My husband has been a firefighter for over 32 years and in those years he’s seen thousands of car crashes. Many of them were caused by distracted driving. Over the years the cause of the distraction has changed, but the outcome is the same.
With technology taking over our lives, it’s no surprise that people are abusing their driving privileges by texting and driving. If their actions only impacted their own lives I wouldn’t care; but sadly, people who are texting and driving are causing accidents that involve others and that’s where I draw the line. No matter what the reason for the distracted driving, I think those that cause harm to others by the negligence should understand the consequences of their actions and so do many others.

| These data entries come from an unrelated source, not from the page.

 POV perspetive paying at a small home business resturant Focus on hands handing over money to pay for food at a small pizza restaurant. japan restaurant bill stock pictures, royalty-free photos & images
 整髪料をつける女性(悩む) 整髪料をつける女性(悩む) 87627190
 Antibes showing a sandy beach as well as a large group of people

Recently the US Transportation Department teamed up with Twentieth Century Fox Home Entertainment, the Ad Council, and State Attorneys General to encourage people to think before they text while driving. The current initiative is geared at teens ages 16-24. The new Public Service Announcement (PSA) makes use of a pivotal seen from the hit show, “GLEE” to remind young people about the dangers of texting and driving.

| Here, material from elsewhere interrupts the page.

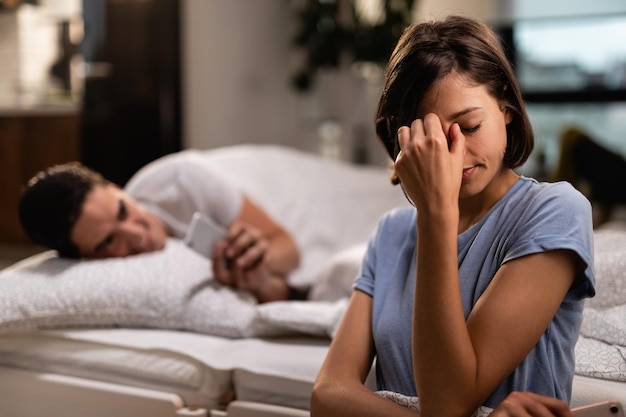 Mujer joven con dolor de cabeza sosteniendo su cabeza con dolor mientras su novio infiel está enviando mensajes de texto en el teléfono móvil a sus espaldas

GLEE PSA: “Stop the Texts. Stop the Wrecks.”
Encourage Young Adults to “Stop the Texts. Stop the Wrecks.”
If you’re a fan of “GLEE” as I am, you’ll remember the scene from last year when popular cheerleader, Quinn Fabray played by Dianna Agron, received a text from Rachel Berry (Lea Michelle) while she was on the road. She looked from the road to read the text and began to type back, “On my way.” During those few seconds, she missed a road sign and was hit from the side by another vehicle. The PSA wants to emphasize that 5-seconds can change your life forever and reminds students that NO TEXT is worth dying for.

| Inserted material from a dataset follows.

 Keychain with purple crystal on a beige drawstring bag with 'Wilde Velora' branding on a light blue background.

“Driving is one of the most dangerous activities for young adults. Texting while driving is a distraction that young drivers can live without,” said Connecticut Attorney General George Jepsen, the father of two teenage boys. “Drivers of any age should be aware that texting while driving may not only jeopardize the safety of themselves and others, but it can violate state motor vehicle laws against distracted driving and result in hefty fines or loss of driving privileges.”
Think it can’t happen? The NHTSA found that in 2010 there were more than 3,000 people killed and an additional 416,000 were injured due to distracted driving. That’s too many. There’s no logical reason for texting and driving – ever.
But young people aren’t the only ones driving distracted. Please remind those you love that being behind the wheel is serious business. You can end your life or someone else’s by the choices you make. Please ask them to make the choice to drive defensively. If everyone did it’d likely put my husband out of work and that would be OK with me.